Kılıçdaroğlu: "AKP, Osmanlı’nın Lale Devri anlayışıyla devleti yönetiyor."
CHP Genel Başkanı Kemal Kılıçdaroğlu, seçim tarihi yaklaşırken, iktidar partisinin oy için nakit para dağıttığı iddialarını “Bütün vatandaşlarımıza açık çağrıda bulunuyorum. Paraların tamamını alın, ama oylarınızı satmayın” diye değerlendirdi.
Kılıçdaroğlu ile Kayseri-Nevşehir mitingleri öncesinde sohbet olanağı bulduk. Erdoğan’ın Diyarbakır mitinginde “devletin parasıyla miting yaptığı” açıklamasına dikkat çeken Kılıçdaroğlu, “Cumhurbaşkanı’nın ödeneği de belli; bir mitingin maliyeti de. Örtülü ödenek bunun için mi alındı diye kafamızda ciddi bir soru var” dedi. CHP lideri, gazetecilerin sorularını şöyle yanıtladı:
DAĞITILAN PARA
Size verilen paralar, hakkınız olan paranın çok küçük bir kısmı. Size 50 lira veriliyorsa onlar 300; 500 TL veriliyorsa, onlar 2 bin TL alıyor. Bunun örneğini Tunceli’de yaşadık.

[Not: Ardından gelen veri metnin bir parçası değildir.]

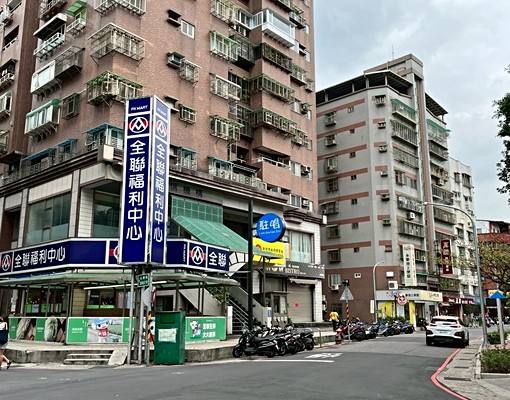 電梯套房/自租/採光好/捷運旁 - Image 9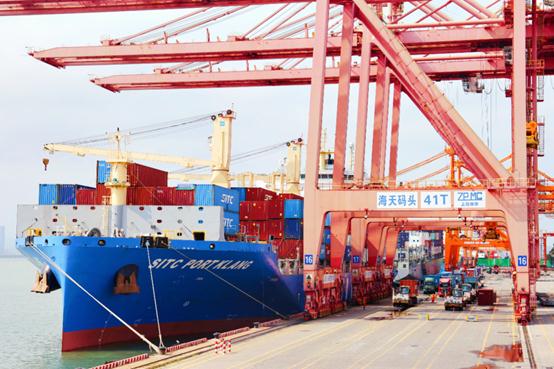 Xiamen Port bustles with activity over May Day holiday as 'cargo kings' dock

Buzdolabı, çamaşır makinesi dağıttılar. Vatandaş aldı ama sonra gitti kendi inandığı partiye oyunu verdi. Yine alın. Çünkü kendi ceplerinden ödemiyorlar. Vergi olarak aldıkları, ihalelerden, havuza diye aldıkları hakkınız olan para. Zaten vatandaşın parası. Buna, “çayın taşıyla çayın kuşunu vurmak” diyorlar. Necip Fazıl’ın, “Bu taksimi kurt yapmaz, kuzulara şah olsa” dizesi.. adaletsizliği bundan iyi anlatan bir söz yok.
LALE DEVRİ ANLAYIŞI:
Kaynak konusunda zaten saygın iktisatçılar, bizim projelerin sosyal demokrat pencereden bakıldığında kaynak açısından sorun olmadığını açıkladılar. İktidar kanadı, projelerin uygulanması halinde IMF’ye gidileceği, yeterli kaynağın olmadığı gibi, halkı korkutan, bir anlamda şantaja başvuran söylemler geliştirdi.
Ama onlara en iyi cevabı Bülent Arınç verdi: “Bu kadar israf olmasaydı vergiye gerek kalmazdı.” Son derece doğru bir söylem. Olağanüstü bir kaynak ama olağanüstü bir kaynak israfı var. AKP, Osmanlı’nın Lale Devri anlayışıyla devleti yönetiyor. Örtülü ödenekler, Kaçak Saraylar, lüks araçlar, hayatın her alanında neredeyse olağanüstü bir kaynak savurganlığı var. Bütün bunların hepsini sonlandıracağız. “Kaynak var” derken de AKP’nin son 13 yıldır topladığı vergi, iç borç, özelleştirme rakamlarını ilk kez biz açıkladık. AKP bunu bile açıklamıyor. Aynı kaynağı doğru yere harcayacağız.
ÖRTÜLÜ ÖDENEK
Erdoğan, Diyarbakır’da “Devletin parasıyla miting yapıyorum” dedi. Şimdi Cumhurbaşkanı’nın bütçesi belli. Bir mitingin kaça mal olduğu da belli. Bir miting neresinden bakarsanız 10-15 bin civarında. (Şaşırdığımızı görünce gülerek ekleme ihtiyacı duyuyor.) Bizimki ama.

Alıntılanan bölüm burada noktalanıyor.